Instructions for the task
When you find the line with "Tractor on the" among the records below, reproduce it and each line after it exactly, ending with the line with "Glatze Mann mit".

Data
>>>>
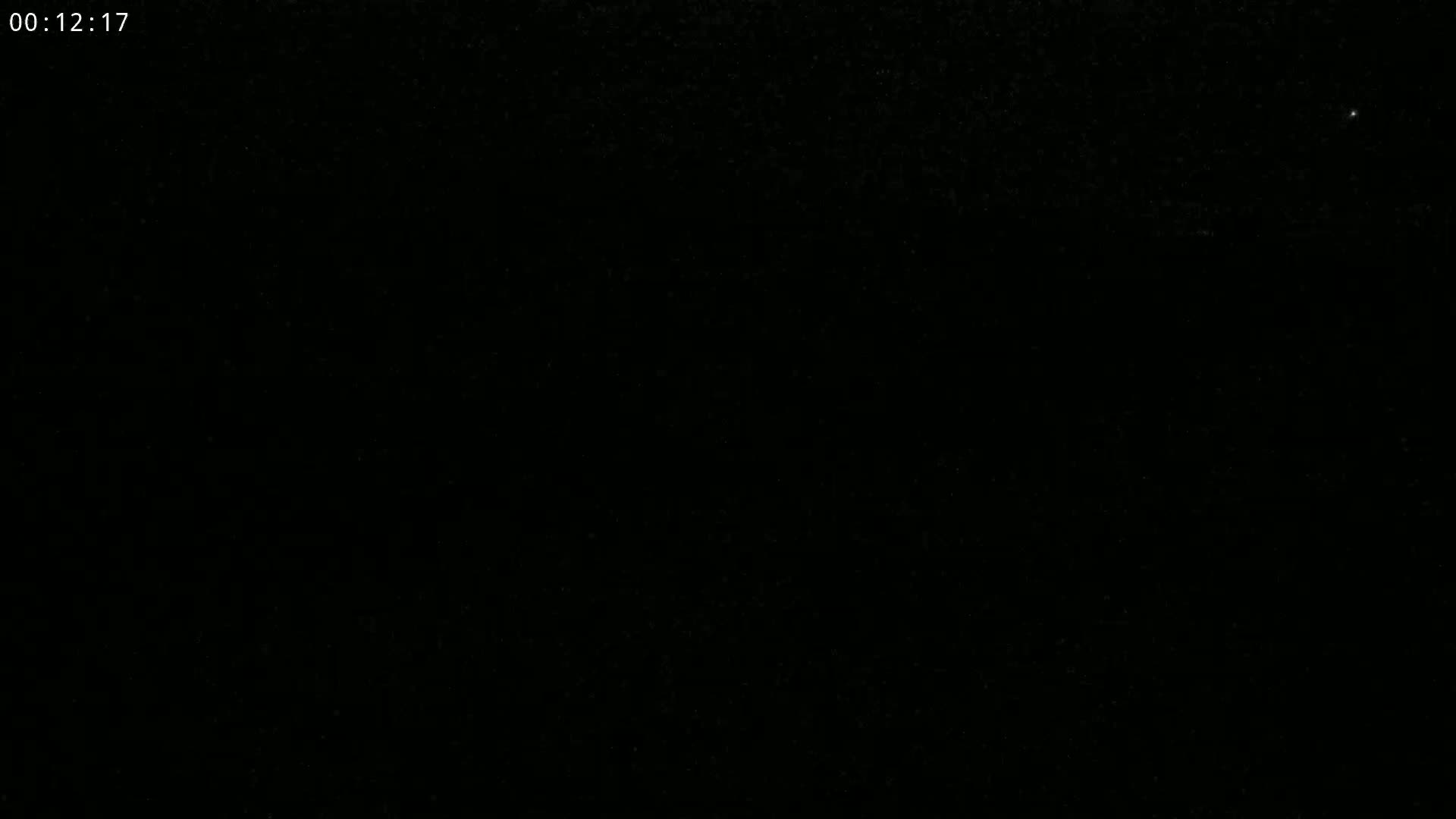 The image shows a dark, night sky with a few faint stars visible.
<<<<
>>>>
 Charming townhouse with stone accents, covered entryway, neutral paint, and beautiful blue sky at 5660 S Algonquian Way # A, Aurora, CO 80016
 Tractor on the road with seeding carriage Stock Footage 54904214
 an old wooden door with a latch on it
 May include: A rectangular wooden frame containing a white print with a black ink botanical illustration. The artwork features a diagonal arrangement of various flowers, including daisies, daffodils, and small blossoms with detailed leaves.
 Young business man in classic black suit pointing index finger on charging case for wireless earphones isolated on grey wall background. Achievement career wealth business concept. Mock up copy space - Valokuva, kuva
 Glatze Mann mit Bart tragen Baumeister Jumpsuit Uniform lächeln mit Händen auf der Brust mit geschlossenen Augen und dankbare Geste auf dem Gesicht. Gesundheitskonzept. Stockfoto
<<<<
Result of this task
 Tractor on the road with seeding carriage Stock Footage 54904214
 an old wooden door with a latch on it
 May include: A rectangular wooden frame containing a white print with a black ink botanical illustration. The artwork features a diagonal arrangement of various flowers, including daisies, daffodils, and small blossoms with detailed leaves.
 Young business man in classic black suit pointing index finger on charging case for wireless earphones isolated on grey wall background. Achievement career wealth business concept. Mock up copy space - Valokuva, kuva
 Glatze Mann mit Bart tragen Baumeister Jumpsuit Uniform lächeln mit Händen auf der Brust mit geschlossenen Augen und dankbare Geste auf dem Gesicht. Gesundheitskonzept. Stockfoto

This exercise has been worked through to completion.